# 2.5L Black Beetle Style Engine Cover?



## DasB5 (Oct 16, 2010)

Was wondering if anyone knew where to get a hold of a black 2.5 Beetle style engine cover. I saw one while I was just scanning through threads but forgot where I saw it :banghead: 
Was about to order the silver one today but if I could get my hands on a black version that'd be awesome.
Thanks.


----------



## cbs_24 (May 21, 2011)

DasB5 said:


> Was wondering if anyone knew where to get a hold of a black 2.5 Beetle style engine cover. I saw one while I was just scanning through threads but forgot where I saw it :banghead:
> Was about to order the silver one today but if I could get my hands on a black version that'd be awesome.
> Thanks.



paint it black...should be very easy.


----------



## thygreyt (Jun 7, 2009)

buy one, paint it.  
done..


----------



## DasB5 (Oct 16, 2010)

Yea that's what ill end up doing, just curious if there was any on the market.


----------



## eatrach (May 13, 2004)

make sure you get a paint that withstand the heat. 
Prime it first, sand it, and then paint it.


----------



## halbwissen (Jul 20, 2001)

I have an unpainted Beetle cover that I have been planning to sell.
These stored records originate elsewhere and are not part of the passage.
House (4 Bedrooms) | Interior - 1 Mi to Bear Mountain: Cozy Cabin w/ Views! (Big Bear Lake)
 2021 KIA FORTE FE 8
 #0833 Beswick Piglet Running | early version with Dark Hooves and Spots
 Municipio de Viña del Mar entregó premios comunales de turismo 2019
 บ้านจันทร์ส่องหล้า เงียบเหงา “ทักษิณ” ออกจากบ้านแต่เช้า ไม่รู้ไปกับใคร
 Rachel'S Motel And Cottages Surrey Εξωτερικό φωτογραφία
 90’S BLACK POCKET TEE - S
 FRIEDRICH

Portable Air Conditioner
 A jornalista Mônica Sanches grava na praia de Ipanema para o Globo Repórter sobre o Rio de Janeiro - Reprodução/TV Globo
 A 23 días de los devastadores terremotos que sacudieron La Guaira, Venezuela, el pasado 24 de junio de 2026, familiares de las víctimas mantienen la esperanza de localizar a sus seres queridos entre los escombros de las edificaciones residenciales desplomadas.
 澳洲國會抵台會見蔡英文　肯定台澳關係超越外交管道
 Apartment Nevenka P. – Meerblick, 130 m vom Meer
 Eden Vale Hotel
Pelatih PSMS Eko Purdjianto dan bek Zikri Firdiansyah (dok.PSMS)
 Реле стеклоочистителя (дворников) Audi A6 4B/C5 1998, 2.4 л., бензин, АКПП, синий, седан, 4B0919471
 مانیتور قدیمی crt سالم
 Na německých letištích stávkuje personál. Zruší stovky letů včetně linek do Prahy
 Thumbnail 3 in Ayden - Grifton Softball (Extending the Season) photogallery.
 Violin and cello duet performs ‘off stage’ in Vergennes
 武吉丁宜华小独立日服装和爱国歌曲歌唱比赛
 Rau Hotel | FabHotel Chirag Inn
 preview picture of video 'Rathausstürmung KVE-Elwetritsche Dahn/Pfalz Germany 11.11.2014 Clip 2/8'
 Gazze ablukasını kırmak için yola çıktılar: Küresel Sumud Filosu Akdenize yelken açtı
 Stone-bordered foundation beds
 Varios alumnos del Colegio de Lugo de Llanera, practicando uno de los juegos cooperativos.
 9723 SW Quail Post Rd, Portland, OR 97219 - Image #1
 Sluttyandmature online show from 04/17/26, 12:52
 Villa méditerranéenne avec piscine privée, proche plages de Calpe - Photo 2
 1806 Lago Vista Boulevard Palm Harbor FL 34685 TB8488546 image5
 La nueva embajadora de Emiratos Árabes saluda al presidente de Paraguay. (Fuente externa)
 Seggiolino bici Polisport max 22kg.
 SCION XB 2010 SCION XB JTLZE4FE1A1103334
It won't look proper with the C2 SRI once it comes. 
Since you made this post inquiring about the cover - albeit you weren't posting WTB - if you're interested, shoot me a PM.


----------



## DasB5 (Oct 16, 2010)

DriveVW4Life said:


> I have an unpainted Beetle cover that I have been planning to sell. It won't look proper with the C2 SRI once it comes.
> Since you made this post inquiring about the cover - albeit you weren't posting WTB - if you're interested, shoot me a PM.


 Just ordered one earlier today.


----------



## vw93to85 (May 10, 2007)

I had one on my car. Masked off the VW and the 2.5 and painted it flat black. Matched perfectly and never peeled.


----------